Let's assume that the Congress library has a database with the
following pattern (the primary keys are in bold)
Borrowing(People, Book, DateBorrowing, ExpectedReturnDate,
EffectiveReturnDate) Lateness(People, Book, DateBorrowing,LatenessFee)
Who are those that have never return a book late in relational algebra? In relational calculus?

I think that in relational algebra, they are: $$\Pi_{People}(Borrowing)\div \Pi_{People}(Delayness)$$ But I'm not sure!

And I definately don't know how to turn out that in relational calculus...
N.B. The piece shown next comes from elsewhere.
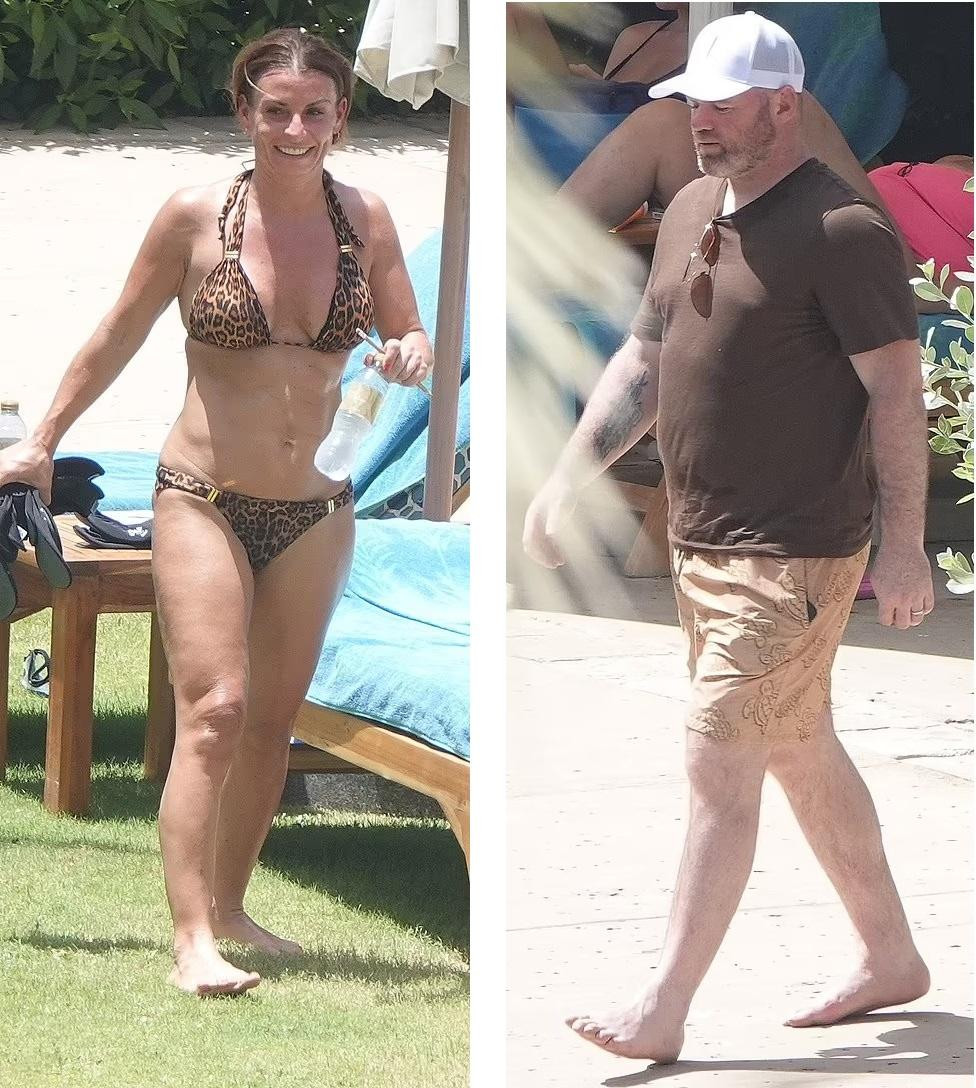 Hình ảnh mới nhất về Wayne Rooney cũng bị paparazzi ghi lại. Hình ảnh mới nhất về Wayne Rooney cũng bị paparazzi ghi lại.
$$\{t.People|Delayness(t)\wedge\dots$$

Have you any hint?

 

[Mark44]

Let's assume that the Congress library has a database with the
following pattern (the primary keys are in bold)
Borrowing(People, Book, DateBorrowing, ExpectedReturnDate,
EffectiveReturnDate) Lateness(People, Book, DateBorrowing,LatenessFee)
Who are those that have never return a book late in relational algebra? In relational calculus?

I think that in relational algebra, they are: $$\Pi_{People}(Borrowing)\div \Pi_{People}(Delayness)$$ But I'm not sure!

I'm not sure there's a division operation in relational algebra or relational calculus (I don't know if there's a difference between these two areas).

In any case, the people who have never returned a book late are those people whose EffectiveReturnDate is on or before their ExpectedReturnDate.

And I definately don't know how to turn out that in relational calculus...

$$\{t.People|Delayness(t)\wedge\dots$$

Have you any hint?